По ночам ему снилась весенняя, омытая первыми дождями, радостная Москва. Светлая искренность московского барокко открывалась ему постепенно, шаг за шагом. По опыту своих белокаменных построек он уже знал, что искренность вообще невозможно скопировать. Найдется ли кто из современников, у кого хватит и восторга и терпения, чтобы настроить душу свою на бесконечную работу, на любовь, которую безоглядно вкладывали московские зодчие в каждый свой каменный узор?
Алексей Викторович старался не думать о своих неудачах и все же всегда помнил о них. Первый опыт работы стиле московского барокко он предпринял за год до этого конкурса. Тогда он участвовал в другом конкурсе — на постройку городского банка в Нижнем Новгороде.
В том проекте зодчий впервые воспользовался формами московского барокко. Каждое из четырех соединенных одно с другим зданий несло свою функциональную и художественную нагрузку. Создавалось впечатление, что они в разное время были пристроены друг к другу, как происходило в те годы, когда московское барокко вырабатывало свою живописность, основанную на сочетании свежести красок и пластики форм.
Это был смелый эксперимент архитектора — расчлененное на самостоятельные фрагменты строение собиралось в яркий, как мозаика, ансамбль, вызывая целую гамму чувств. Яркий всполох красок был по-своему строг, продуман и организован. Но в проекте нижегородского банка ощущалась заданность, он был несвободен от влияния псевдорусского стиля. Проект так и не был реализован, и Щусев не жалел об этом.
Московское барокко оказалось крепким орешком. У этого пришедшего к нам из конца XVII — начала XVIII века стиля была своя особая тайнопись, и только опытному художнику с острым чутьем и свободной фантазией можно было здесь на что-то надеяться.

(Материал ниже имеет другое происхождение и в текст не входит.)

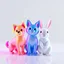 Placeholder: Colored translucent 3D small dog, cat, and rabbit displayed side by side funny poses, smooth glass and acrylic materials, pastel and neon color palette, clean minimalist background, soft studio lighting, refractive and reflective surfaces, product render style, cinema 4D, redshift, high detail, centered composition.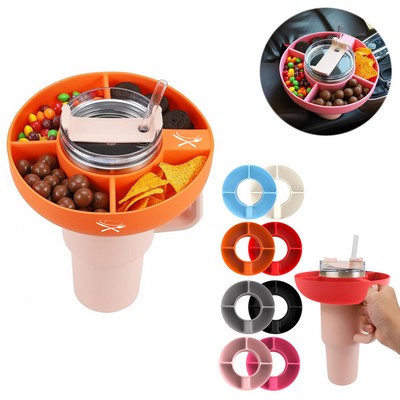 4 Compartment Reusable Silicone 40oz Tumbler Snack Tray Bowl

В короткий срок Щусев построил в облюбованном им стиле два интересных здания в Италии. Первое, правда, несколько копировало прошлое — это гостиница для русских странников в Бари. Зато другое — Русский павильон художественной выставки в Венеции — уже при первом взгляде оставляло впечатление яркой самобытности. Кажется, что зодчий работал в этой творческой манере много лет, так неприхотливо свободен он в своем художественном волеизъявлении.
Россия привнесла в Венецию нарядный и праздничный московский колорит, причем сделала это тактично и ненавязчиво. Павильон заиграл своими причудливыми красками под ярким солнцем Италии. Несмотря на то что фасады двух галерей павильона совершенно различны, они согласно выполняют общую задачу: подготовить зрителя к восприятию русской живописи.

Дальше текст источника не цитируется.